There are, of course, those who are a bit sniffy about the quality of the Hanna-Barbera oeuvre, just as there are those who are sniffy about American qualities, which are not in their highest period of international esteem. But the influence of the former as a popular expression of the latter in the late-20th century is matched only by the output.
Tom and Jerry, the Flintstones, Yogi Bear, Huckleberry Hound, Top Cat, Quick Draw McGraw, Scooby-Doo and many more: each generation will have its favourite, but the manic produce also shares another unfashionable asset: warmth.

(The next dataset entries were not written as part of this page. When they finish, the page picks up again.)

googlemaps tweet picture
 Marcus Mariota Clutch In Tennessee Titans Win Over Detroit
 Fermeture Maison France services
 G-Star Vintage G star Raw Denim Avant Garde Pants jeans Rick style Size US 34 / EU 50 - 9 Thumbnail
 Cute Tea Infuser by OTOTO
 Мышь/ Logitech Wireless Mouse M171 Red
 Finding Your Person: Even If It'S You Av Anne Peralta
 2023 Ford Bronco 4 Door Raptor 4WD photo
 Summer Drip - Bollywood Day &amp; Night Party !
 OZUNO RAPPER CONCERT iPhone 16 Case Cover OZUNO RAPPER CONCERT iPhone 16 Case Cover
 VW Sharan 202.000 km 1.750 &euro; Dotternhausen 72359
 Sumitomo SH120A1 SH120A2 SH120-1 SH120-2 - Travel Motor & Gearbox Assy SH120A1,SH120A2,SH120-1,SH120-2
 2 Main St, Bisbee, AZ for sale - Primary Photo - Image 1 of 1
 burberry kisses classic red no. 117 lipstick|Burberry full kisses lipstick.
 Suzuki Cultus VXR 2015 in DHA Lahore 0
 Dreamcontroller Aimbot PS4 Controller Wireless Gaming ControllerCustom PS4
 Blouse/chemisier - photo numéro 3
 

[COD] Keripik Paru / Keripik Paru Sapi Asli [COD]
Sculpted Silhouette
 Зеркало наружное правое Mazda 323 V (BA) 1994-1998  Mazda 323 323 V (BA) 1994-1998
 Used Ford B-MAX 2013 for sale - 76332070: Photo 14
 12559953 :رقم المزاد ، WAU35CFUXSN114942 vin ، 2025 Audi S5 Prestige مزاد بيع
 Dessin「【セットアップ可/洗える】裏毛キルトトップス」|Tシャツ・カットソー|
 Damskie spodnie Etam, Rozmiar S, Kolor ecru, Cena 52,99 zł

Michael Barrymore once told me that, to succeed in light entertainment, "the audience has to like you", a theory his career has gone on to prove pretty spectacularly. And thus certainly with children's cartoons. But anyone who can produce equal amounts of sympathy for both Tom and Jerry is touched by genius. What a pity Hanna and Barbera couldn't have been employed on other stages, such as, for example, the Middle East.
And now, after considering, and rejecting, some deeper messages, such as Officer Dibble in Top Cat as a well-meaning and impotent Uncle Sam, I am going outside to voice a final tribute to H&B and lost days by shouting, very loudly, "Smarter than the average bear, Boo-Boo!"